Aim of the task ->
Exact copies of the lines below, from the one with "Ventilation–perfusion scintigraphy with" up to and including the one with "baby wearing a diy clubfoot brace cover", are what this calls for; leave out pictures.

[Records from a dataset]

- Opening Delimiter -

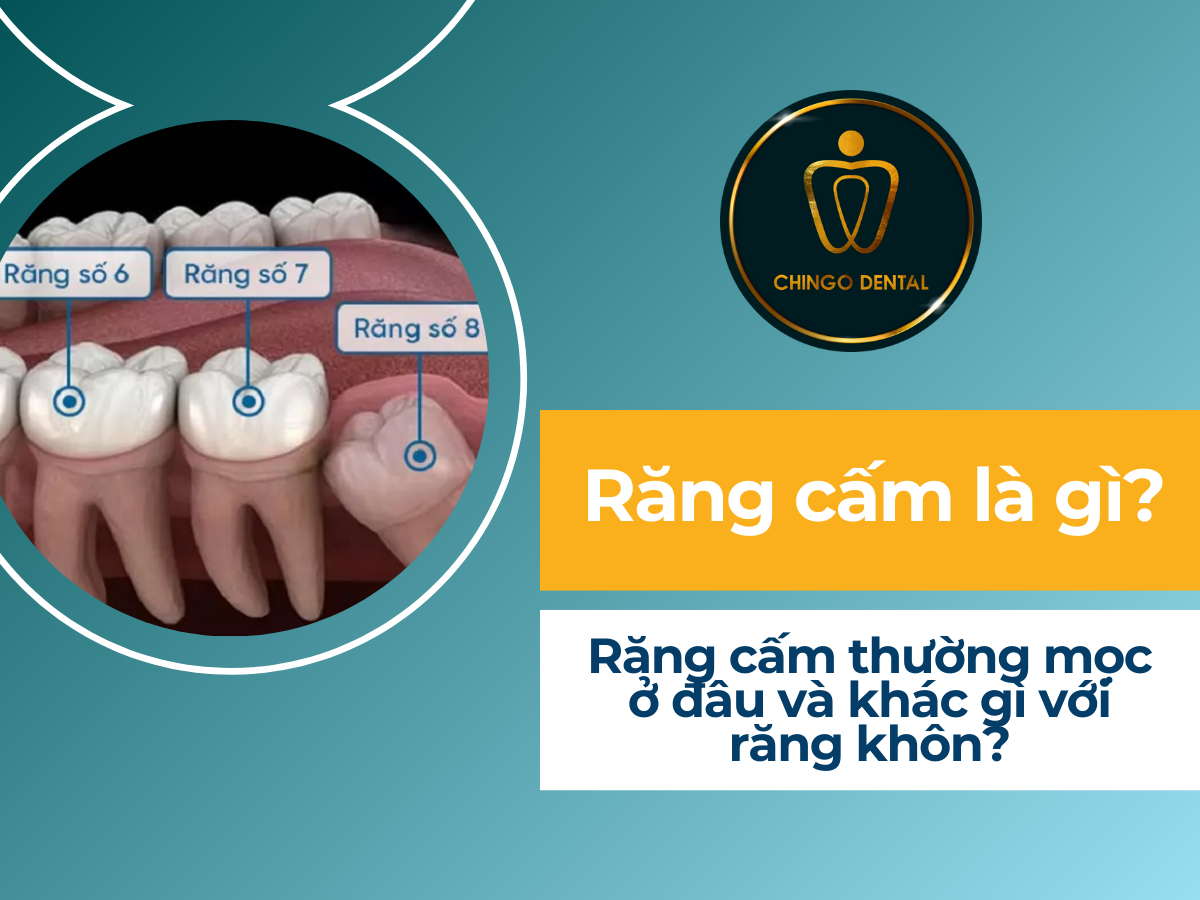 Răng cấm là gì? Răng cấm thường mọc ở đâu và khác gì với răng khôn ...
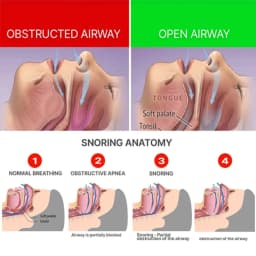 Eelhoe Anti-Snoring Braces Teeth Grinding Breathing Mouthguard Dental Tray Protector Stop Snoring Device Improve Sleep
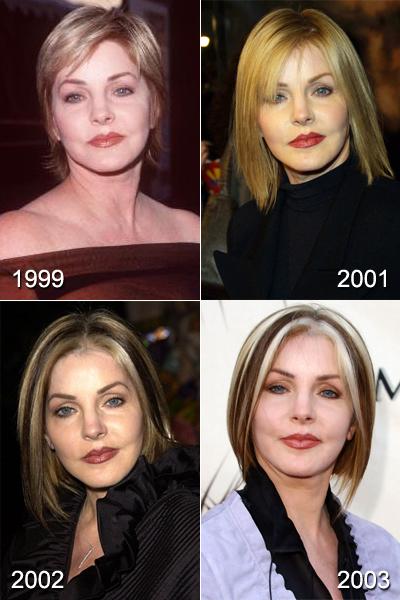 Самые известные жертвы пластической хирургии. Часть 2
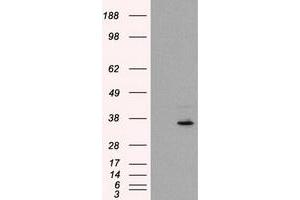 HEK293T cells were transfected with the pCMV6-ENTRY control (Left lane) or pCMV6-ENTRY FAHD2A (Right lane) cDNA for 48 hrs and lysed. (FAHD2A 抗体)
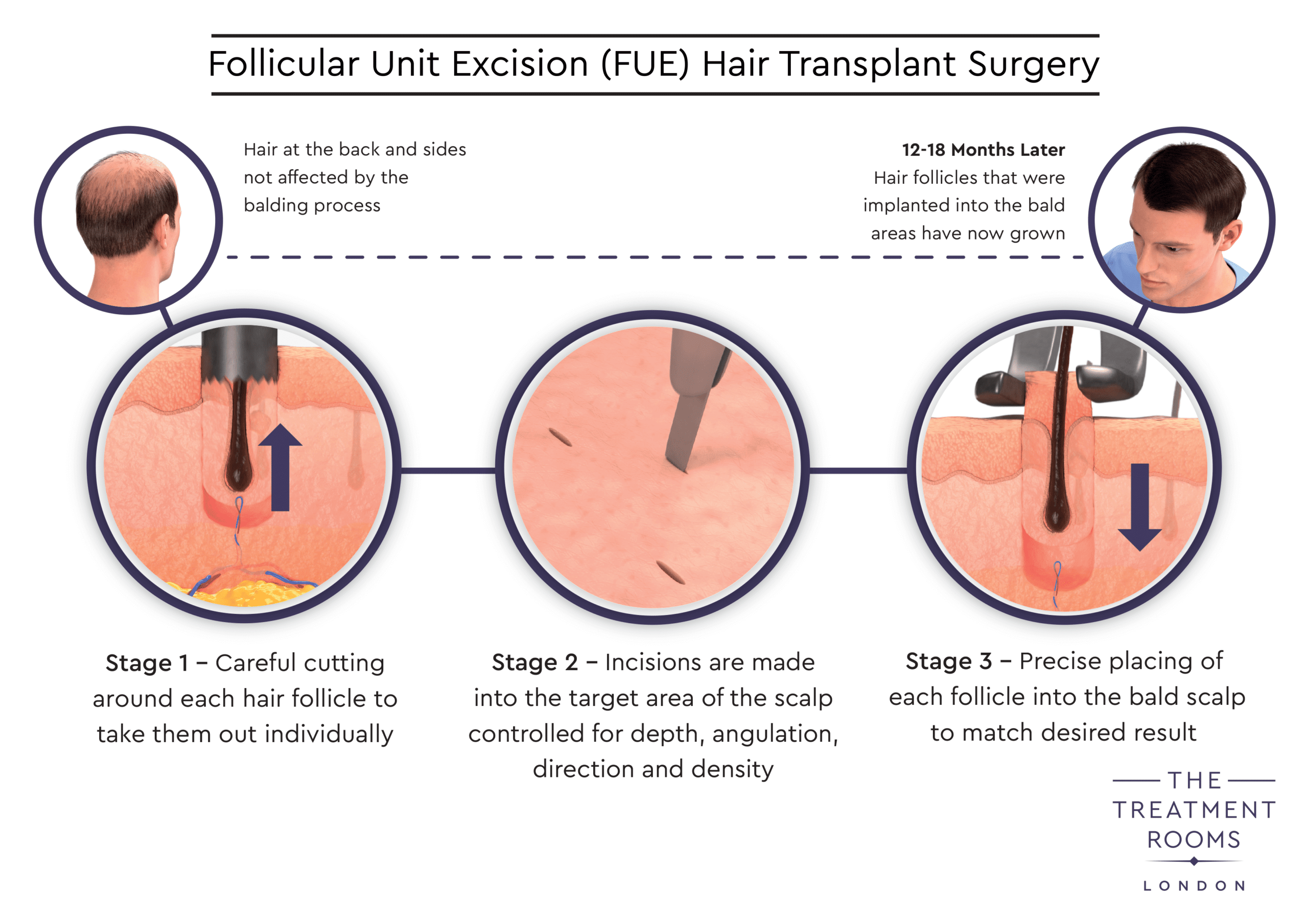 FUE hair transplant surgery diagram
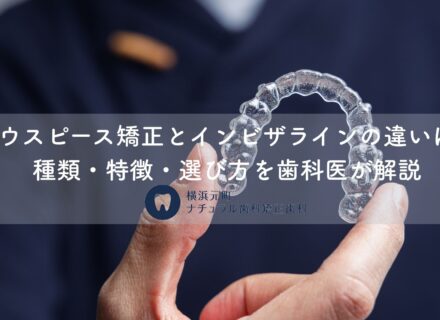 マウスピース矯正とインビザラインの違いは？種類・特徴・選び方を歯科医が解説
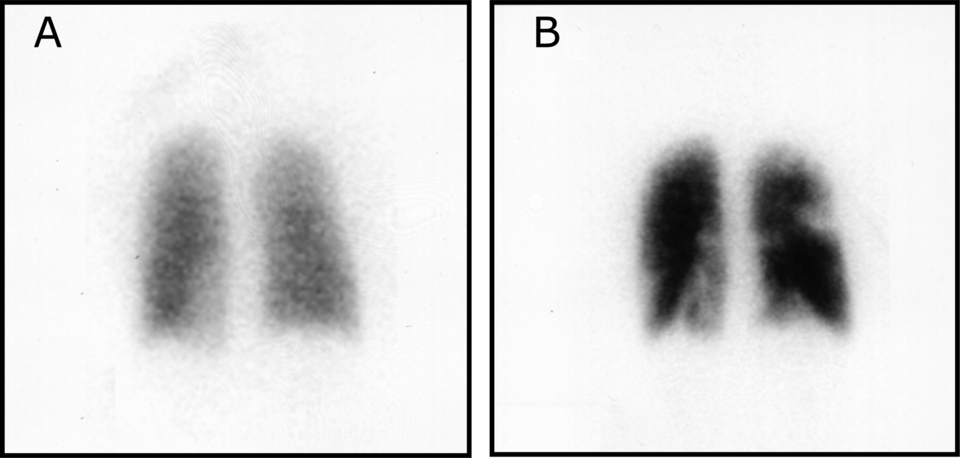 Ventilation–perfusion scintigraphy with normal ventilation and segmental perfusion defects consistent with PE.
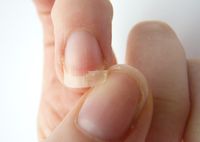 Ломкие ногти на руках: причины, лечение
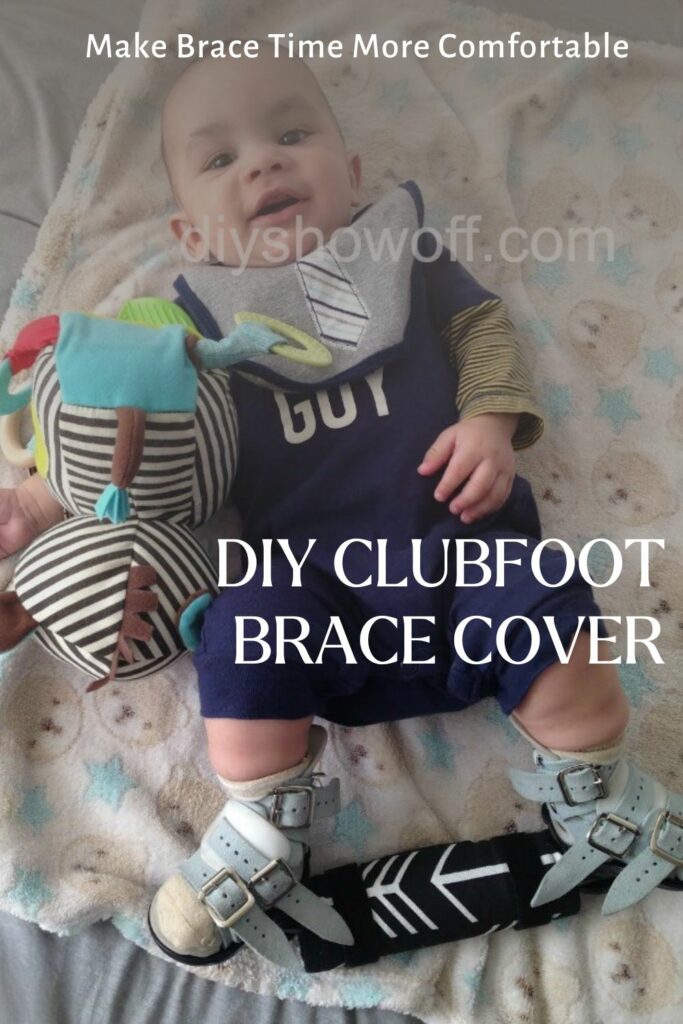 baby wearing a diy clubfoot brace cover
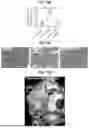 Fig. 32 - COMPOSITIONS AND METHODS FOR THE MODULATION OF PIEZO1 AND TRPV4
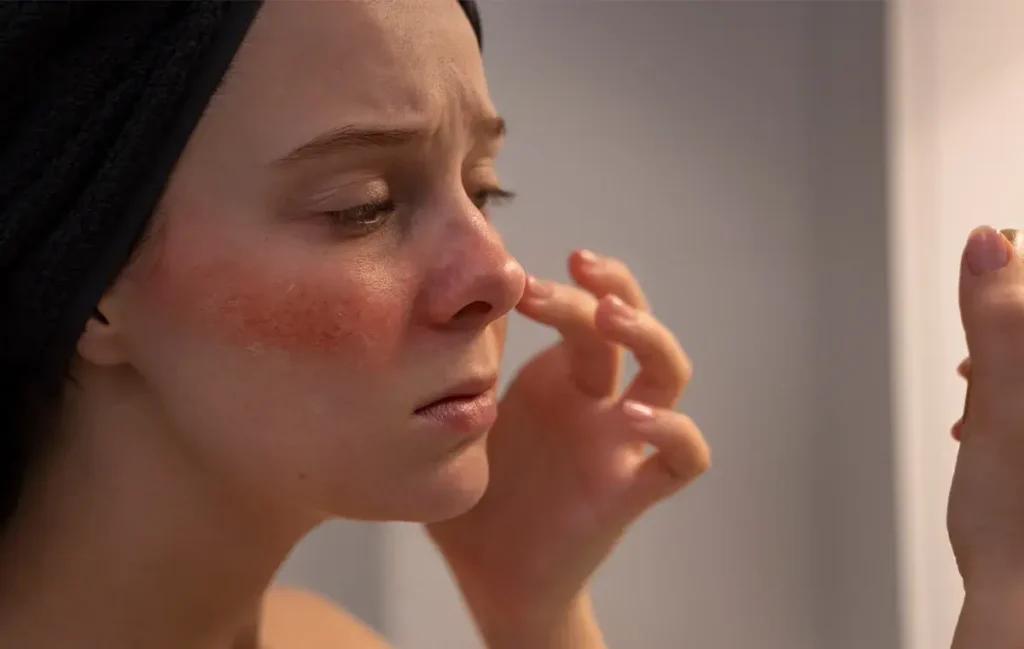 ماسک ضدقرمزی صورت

- Closing Delimiter -

Result for this exercise ->
 Ventilation–perfusion scintigraphy with normal ventilation and segmental perfusion defects consistent with PE.
 Ломкие ногти на руках: причины, лечение
 baby wearing a diy clubfoot brace cover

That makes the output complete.